Беркин проигнорировал это замечание.
– Но мы должны жить ради чего-то, – прибавил Джеральд, – ведь мы не скот, которому достаточно щипать траву.
– Скажи мне, вот ты для чего живешь? – спросил Беркин.
На лице Джеральда отразилось недоумение.
– Для чего я живу? – переспросил он. – Полагаю, чтобы работать, что-то производить, поскольку мое существование предполагает какую-то цель. Если от этого отвлечься, то я живу ради самой жизни.

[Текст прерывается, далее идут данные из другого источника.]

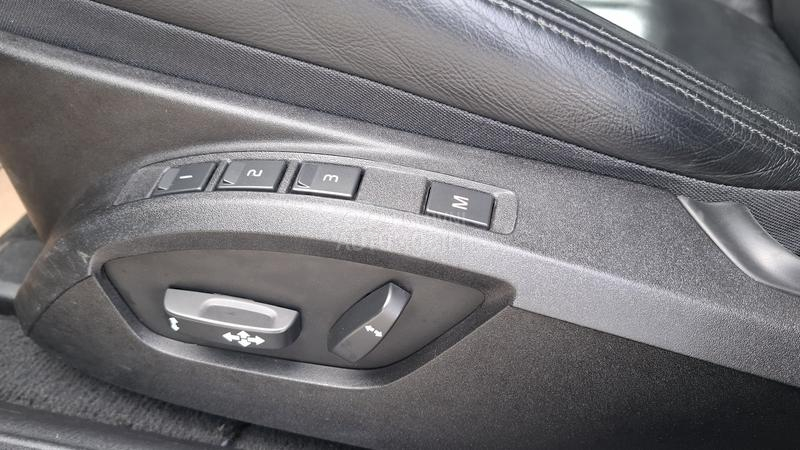 Volvo V40 P R E M I U M 1of1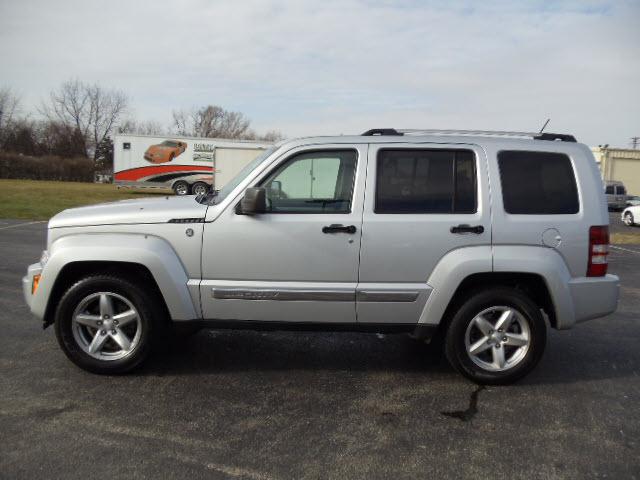 2008 Jeep Liberty SLT 25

– А в чем цель твоей работы? Добывать с каждым днем больше тысяч тонн угля? А что будет, когда мы полностью обеспечим себя углем, мебелью с плюшевой обивкой, пианино, когда у всех на обед будет тушеный кролик, у всех будут теплые жилища и набитые животы, а молодые девицы будут играть для нас на пианино? Что произойдет, когда материальные проблемы будут решены по справедливости?
Джеральд сидел, посмеиваясь над ироничным монологом другого мужчины. В то же время он обдумывал его слова.
– До этого еще далеко, – возразил он. – У многих нет ни кролика, ни огня, чтобы его сварить.
– Значит, пока ты рубаешь уголек, я должен гоняться за кроликом? – съехидничал Беркин.
– Что-то вроде того, – ответил Джеральд.
Беркин внимательно всматривался в него. Под видимым добродушием он видел в Джеральде бесчувственность и даже странную озлобленность – ее не могла замаскировать благопристойная маска рачительного хозяина.